富田さん:なるほど。では、きょうは直正公の師匠とも言える人物を紹介しましょう。

マスター:お願いします。

富田さん:
直正公は学齢期に入ると、次第に磯濱さんたち女性陣の手を離れて、男性の先生たちによる文武両道の教育を受ける段階に入ります。

マスター:う~ん。

富田さん:直正公に6歳の頃から家庭教師役として付いた人物が、今回の主人公、当代きっての儒学者、古賀穀堂先生です。

マスター:はいはい。

富田さん:
直正公は先生から教わる儒教のテキストなどもよくのみ込んで、漢詩も詠み、書道の腕前もグングン上達。16歳になった時、その成長ぶりについて穀堂先生は、佐賀にいた多久出身の学者・草場佩川(くさばはいせん)に宛てた手紙の中で、こう述べています。「先日、直正公にお目にかかったところ、話題が次第に佐賀藩の運営に関する大きな議論に発展し、大の大人も及ばないほどの御論弁をふるわれた。そして、佐賀藩のためならどんな倹約をも受け入れて、死んでも構わない覚悟であるという意志を表明された。このようなご様子であれば、今後よき補佐さえ付いたならば、歴史上の優れた藩主にも劣らないほどの名君になられることだろう」

マスター:私も子供の頃、よく言われていましたが、まさに「神童」ですね。

富田さん:
そして翌年、17歳にして10代佐賀藩主になった直正公は、生まれて初めて佐賀にお国入りをされます。もちろん、飛行機も新幹線もない時代でしたから、江戸から佐賀まで、およそ1ヵ月ちょっとの行程でした。長期にわたる大移動の最後の宿泊地は、現在の鳥栖市にあった長崎街道の轟木宿(とどろきしゅく)。その轟木を早朝に出発して、直正公は自らの目で佐賀の人たちの様子を見たいと言って、駕篭(かご)から降りて馬にまたがって、佐賀城に向けて進みます。沿道の領民たちは、新しい藩主のお姿を目にして、手を合わせて拝む者さえいたと言われているんですね。お供していた穀堂先生は、その日記に、沿道から上がった歓声について「雷の如し」と記しているんですね。

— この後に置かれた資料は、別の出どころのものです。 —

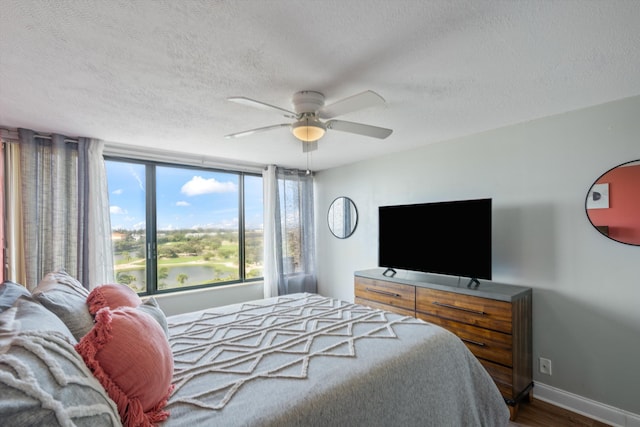 bedroom featuring ceiling fan, wood-type flooring, and a textured ceiling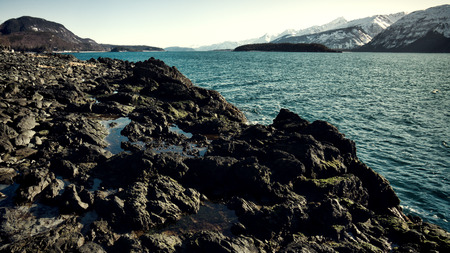 Rocky beach in Southeast Alaska on the Chilkat Inlet on a sunny winter day.の写真素材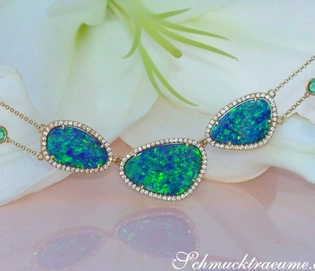 Gelbgold-Collier mit Boulder Opalen, Smaragden und Brillanten auf Blume liegend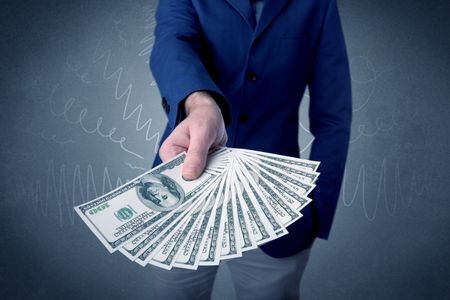 Young businessman holding large amount of bills with grungy background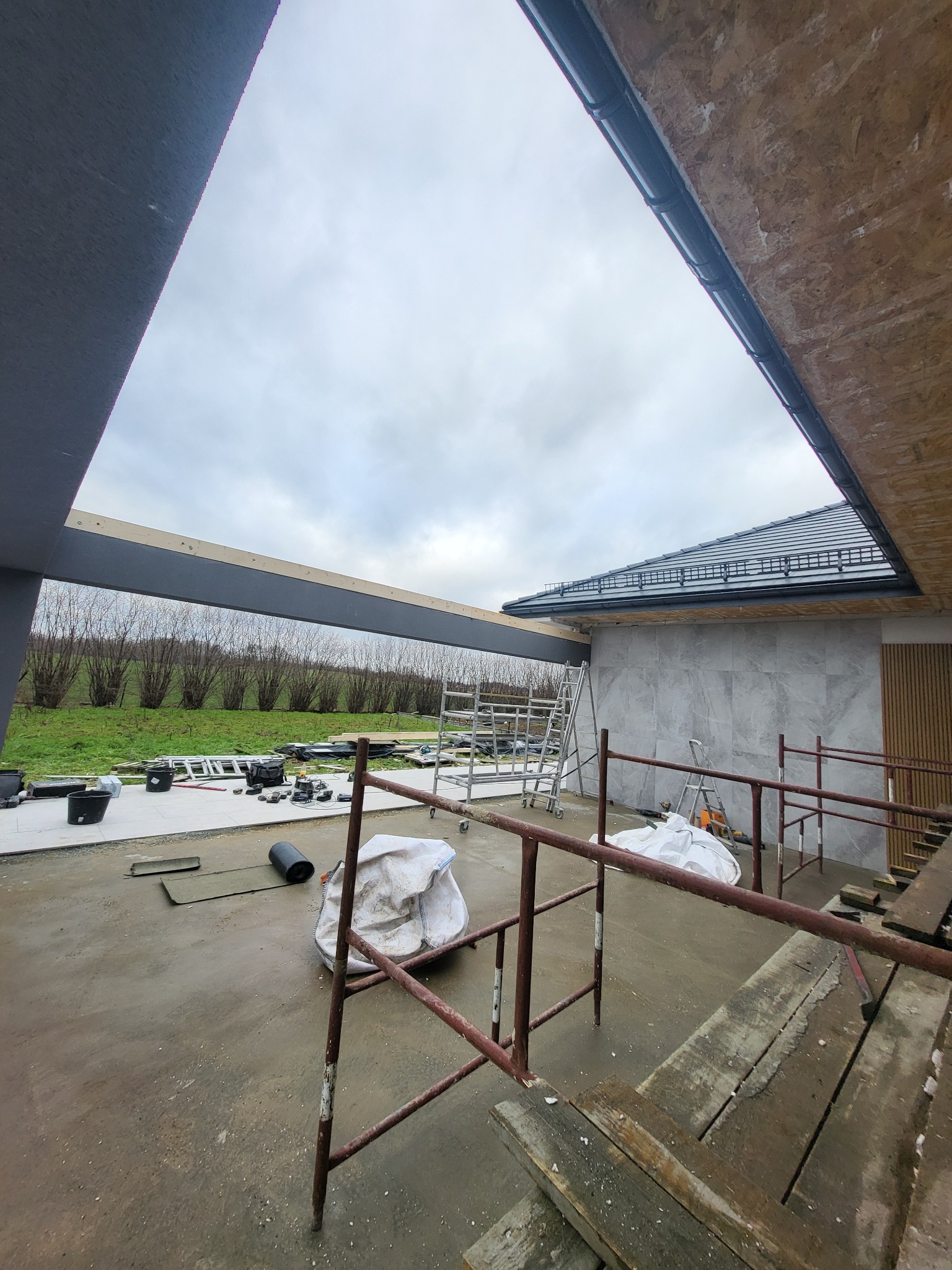 Budowa tarasu: widok na konstrukcję z rusztowaniem, materiałami budowlanymi i fragmentem domu w tle. Etap prac w toku, widoczne elementy wykończeniowe.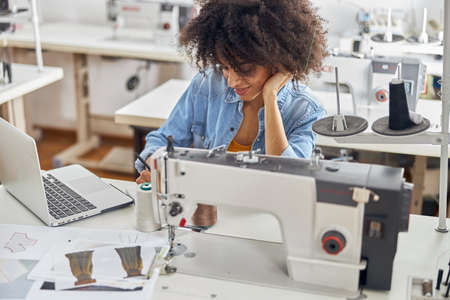 African-American woman clothes designer draws sketches at table with sewing machine and laptopの写真素材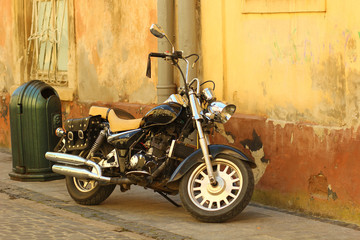 Fototapeta na wymiar Side view on a vintage motorbike parked againt grunge yellow wall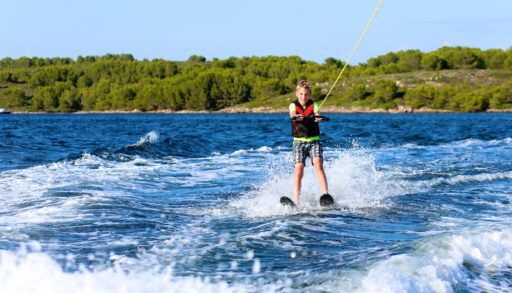 young-boy-waterskiing-on-lake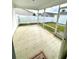 Screened porch with concrete flooring at 892 Nash Loop, The Villages, FL 32162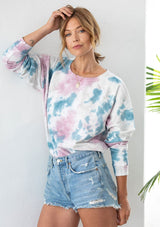 [Color: Rose/Blue Combo] A woman wearing a soft French terry sweatshirt in a bold tie dye wash. Featuring long raglan sleeves and a classic crew neckline.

マスター:すごい歓迎のされようですね。それで、直正公が藩主に就任した後、穀堂先生はどうされたんですか?

富田さん:
はい。先生は、藩主就任後も側近の代表格として藩政改革をバックアップしたんです。佐賀に入ってきて早速、改革に燃える直正公。佐賀城に藩の重臣たちを招集して、倹約に対する固い決意を語り聞かせます。「佐賀藩の財政再建のためならば、私自身どんな倹約であっても受け入れる覚悟ができています。あとは、あなた方重臣の誰もが気持ちを入れ替え、一致団結し、命をなげうって、しっかりと職責を果たしてほしいものです」

マスター:はぁ~、17歳といえば、今で言うまだまだ高校生・・・。そんな歳で、こんな難しいことを考えていたんですね~。

富田さん:
う~ん、確かに。17歳の青年の決意としては、まことに志の高い言葉でした。しかし、残念ながらこのお言葉、重臣たちの心には必ずしも響かなかったんです。重臣たちからしてみれば、初めて佐賀に来た17歳の若いお殿様から、「私はもう覚悟ができているんだから、あとはあなた方がしっかりやってもらわないと困るんだ!」と言われたんですから、それはやはり、なかなか素直にはなれないでしょう。

マスター:なるほど。

富田さん:
藩主と重臣の間に、温度差が生まれてしまうんですね。若いゆえに直正公は、重臣たちの心をうまくつかむことができずに、藩主生活は苦労の船出になったんですね。

マスター:それから、どうなったんですか?

富田さん:あっ、いけない!もうこんな時間だ!英会話教室に行かないと!

マスター:えぇ~!!これから面白くなるのに!!

富田さん:すみません、マスター。続きはまた来週ということで、ご馳走様。See you next week,master!

マスター:
ありがとうございました~。さりげなく英語を使うあたり、きっと富田さんも、いい先生に就いてもらっているんでしょうね~。